18 março 2006

Acima de qualquer suspeita

O ministro dos Assuntos Parlamentares queixa-se, em carta ao director do jornal Público, de 17/03/06, que a sua entrevista, publicada a 13 deste mês, foi «editada» de tal maneira que inseriram «transcrições erradas do que afirma o entrevistado». Augusto Santos Silva apresenta quatro exemplos concretos da acusação que faz ao jornal.
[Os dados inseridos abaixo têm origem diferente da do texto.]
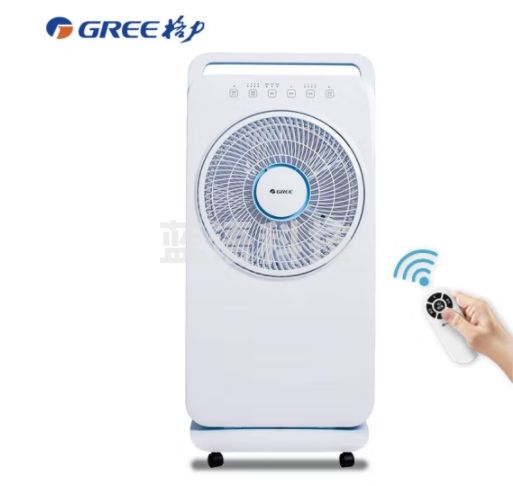格力（GREE）WKY-30X60Bh5 遥控雾化扇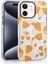 Camomile Apple iPhone 12 Turuncu Kapak 1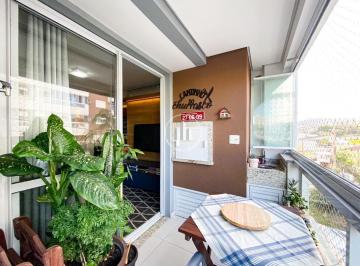 Apartamento · 90m² · 3 Quartos · 2 Vagas · Apartamento 3 Quartos com 1 Suíte e 90m² - Barreiros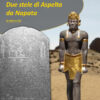 Due stele di Aspelta da Napata – Copertina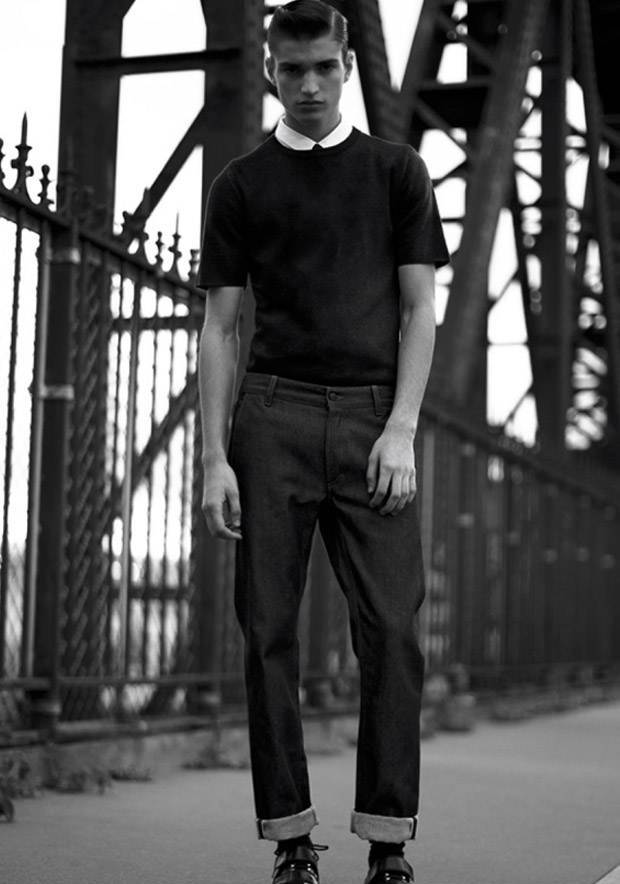 Krisvanassche X Lee İlkbahar / Yaz 2013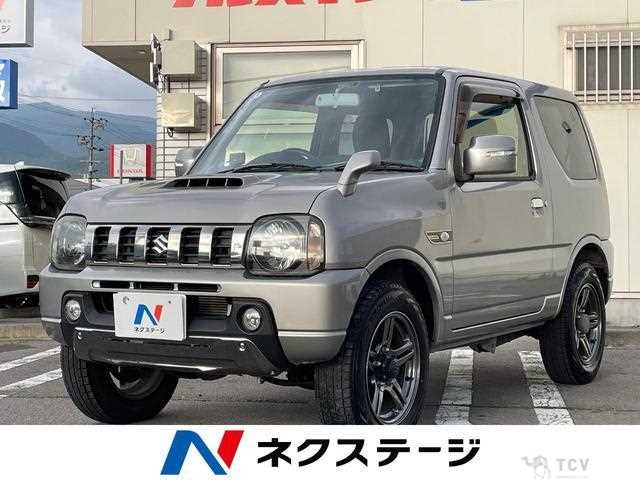2016 Suzuki Jimny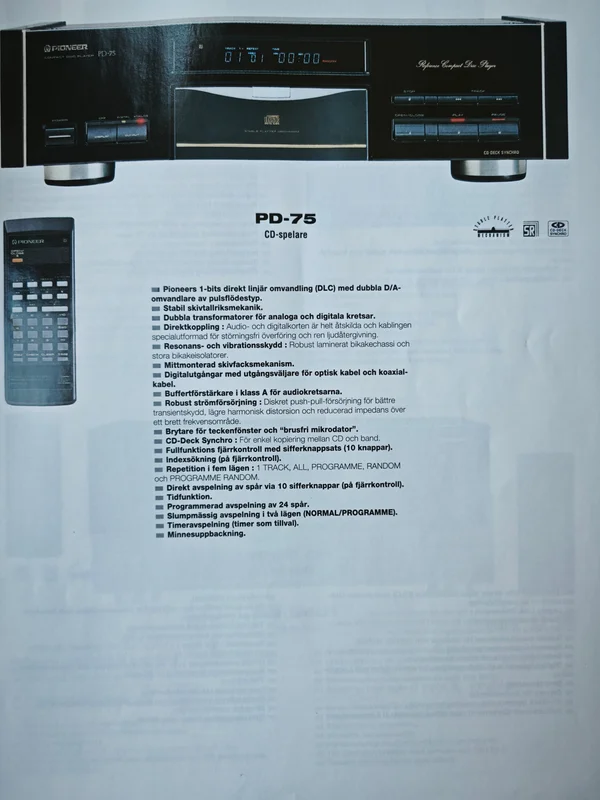 Pioneer Urushi Intressekoll - Bild 7 av 10
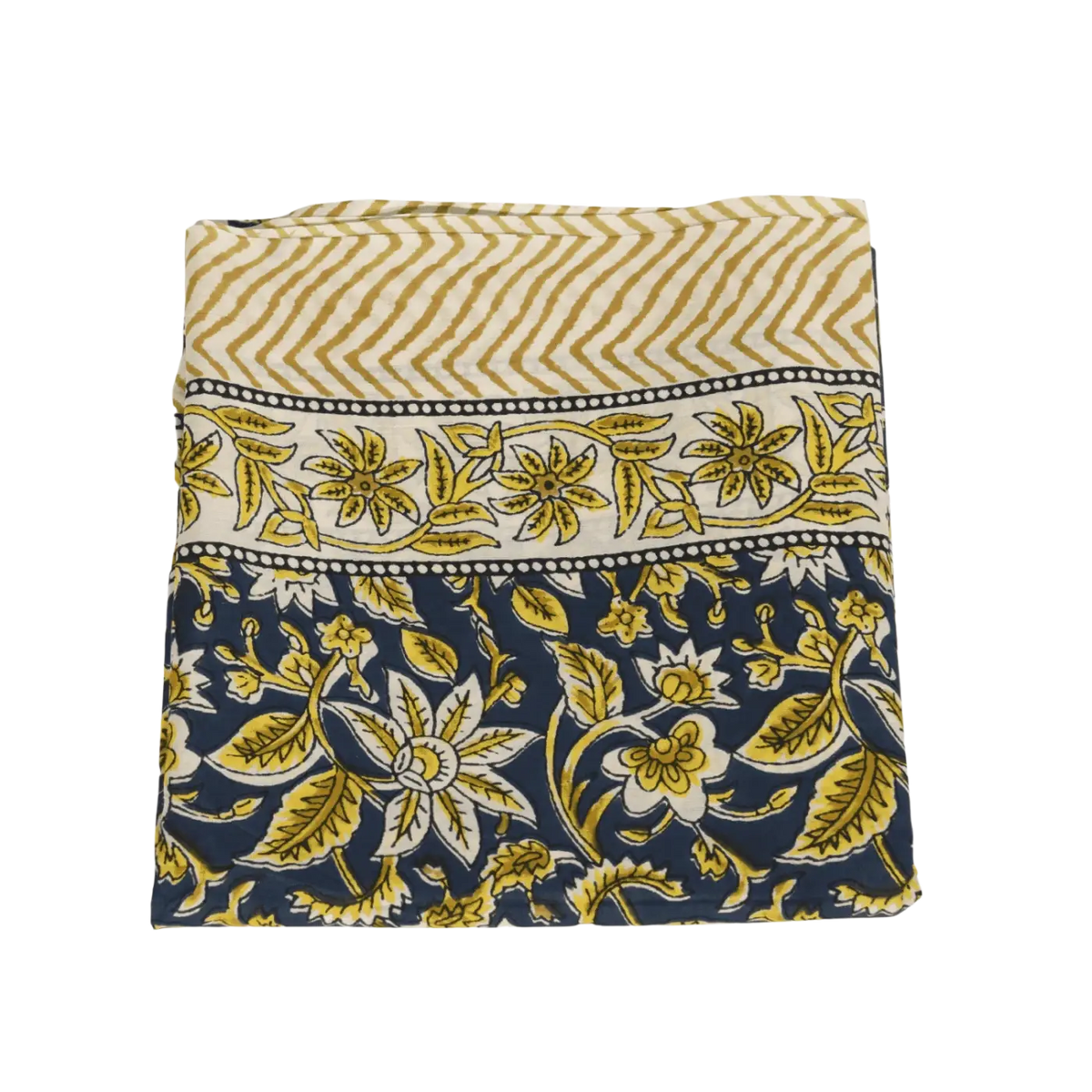 Gefaltetes Hamamtuch von Mana Shop, Lungi Sarong Tuch, 180cm x 108cm, weiches Baumwolltuch für Strand und Sauna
O director do jornal, em resposta, argumenta: a de Augusto Santos Silva foi a primeira reclamação, em mais de 150 entrevistas, pelo que, deixa a entender, não é significativo…; sobre o «conteúdo dos protestos», o sr. director acha que quem deve julgar se Augusto Santos Silva tem ou não razão, são os leitores, eximindo-se, por um lado, à sua responsabilidade, e, por outro, atribuindo aos leitores a responsabilidade de julgarem aquilo que ele fez…; quanto aos exemplos apresentados pelo entrevistado, o sr. director julga que aqueles o «deixam de consciência tranquila», justificando-se pela «condensação» da entrevista, «indispensável à sua inteligibilidade», e passa a explicar como é que se faz essa «condensação», de modo a garantir que, de «40 mil caracteres» se passe para os publicados «13 mil»: «cortar as repetições»; «comprimir as perguntas dos entrevistadores»; «retirar a retórica verbal conservando o essencial das respostas», mas sempre de forma «fiel ao pensamento do entrevistado»
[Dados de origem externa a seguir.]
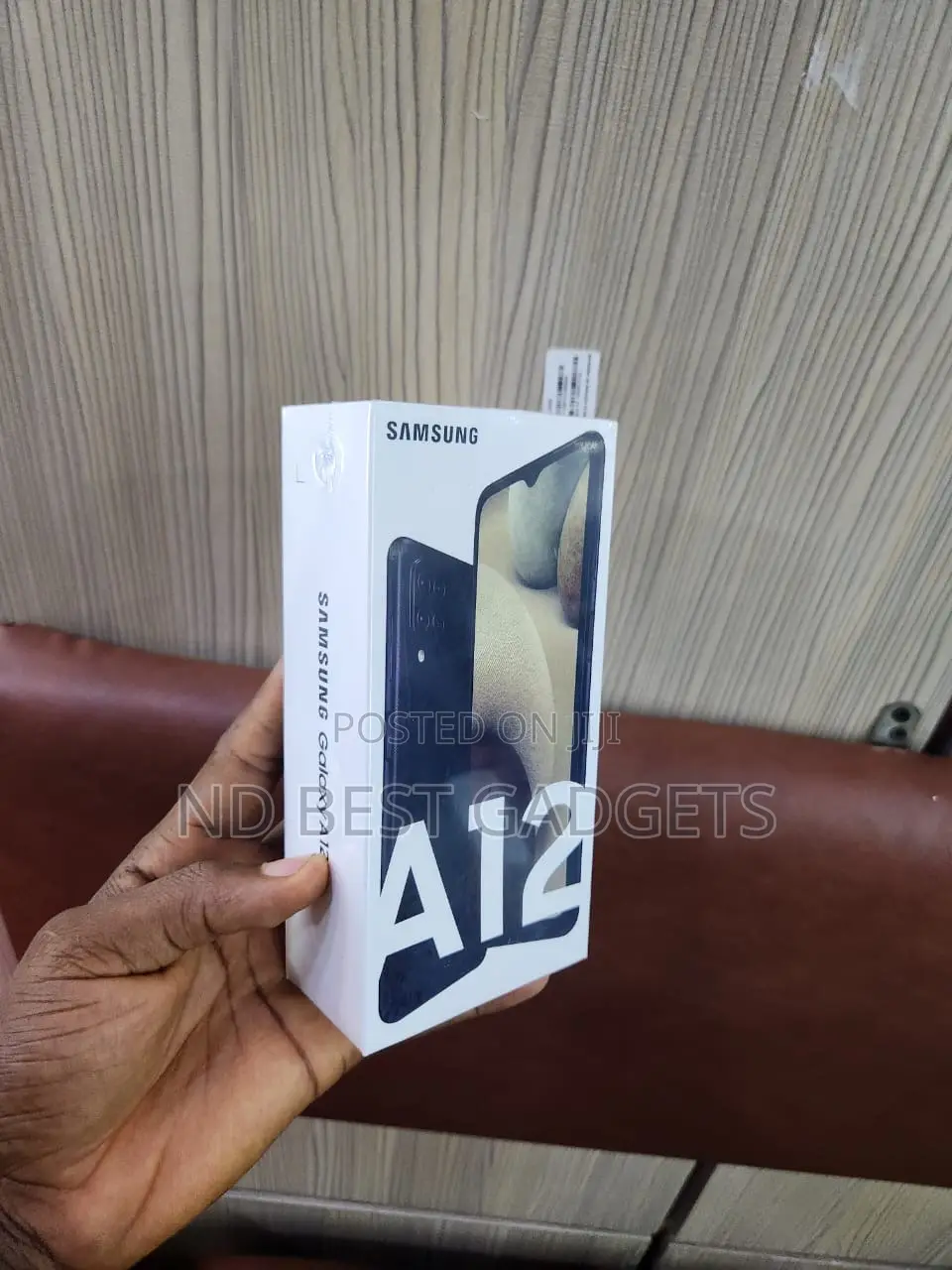 New Samsung Galaxy A12 128 GB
O que torna esta explicação do director do Público, exaustiva e sui generis, é que ela não adianta nada em termos do que é reclamado pelo entrevistado, declinando, ainda por cima, neste, a responsabilidade de tudo, até porque, acrescenta o sr. director, «o ministro não terá gostado da forma como lhe correu a entrevista»! Quer dizer: o ministro vê a sua entrevista truncada, recortada, resumida aqui e ali, por isso reclama, e a resposta é a de que o problema é… dele!
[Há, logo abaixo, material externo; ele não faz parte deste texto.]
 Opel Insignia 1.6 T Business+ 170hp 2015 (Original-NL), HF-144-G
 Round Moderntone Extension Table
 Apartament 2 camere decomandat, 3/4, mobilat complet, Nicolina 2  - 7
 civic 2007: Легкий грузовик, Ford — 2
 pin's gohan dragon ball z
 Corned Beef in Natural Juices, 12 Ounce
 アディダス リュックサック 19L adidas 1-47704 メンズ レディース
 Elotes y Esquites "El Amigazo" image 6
Poderia ser de outra maneira? Poderia ser que alguma passagem da entrevista tivesse sido mais truncada do que o necessário para apreender-lhe o sentido? Poderia ser que certa passagem estava a ser citada fora do contexto e, assim, a adquirir outro sentido que não o original? Poderia ser que, mesmo sem querer, outra afirmação fosse cortada de forma intempestiva, porque considerada de menor importância? Os srs. jornalistas não cometem erros desses. Os srs. jornalistas podem censurar os textos que julgam dever publicar? Os srs. jornalistas podem deturpar voluntariamente o sentido dos textos publicados? Os srs. jornalistas nunca têm intenções dessas. Os srs. jornalistas são só profissionais acima de qualquer suspeita. Todos. Eis a lição do sr. director.